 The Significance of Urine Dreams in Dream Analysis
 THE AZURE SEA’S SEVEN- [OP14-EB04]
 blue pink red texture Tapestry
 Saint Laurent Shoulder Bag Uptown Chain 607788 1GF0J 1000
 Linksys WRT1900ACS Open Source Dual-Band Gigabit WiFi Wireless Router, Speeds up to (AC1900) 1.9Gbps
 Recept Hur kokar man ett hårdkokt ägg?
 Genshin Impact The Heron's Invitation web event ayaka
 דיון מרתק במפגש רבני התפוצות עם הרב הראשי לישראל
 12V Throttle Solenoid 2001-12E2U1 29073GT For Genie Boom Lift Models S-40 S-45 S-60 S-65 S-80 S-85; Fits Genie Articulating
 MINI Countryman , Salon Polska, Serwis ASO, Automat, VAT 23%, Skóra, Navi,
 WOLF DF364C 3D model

.....

*Required work*:
Restate word for word every line from the one containing "MINI Countryman , Salon" through the final line of the listing. Both end lines belong in the answer.

*Task solution*:
 MINI Countryman , Salon Polska, Serwis ASO, Automat, VAT 23%, Skóra, Navi,
 WOLF DF364C 3D model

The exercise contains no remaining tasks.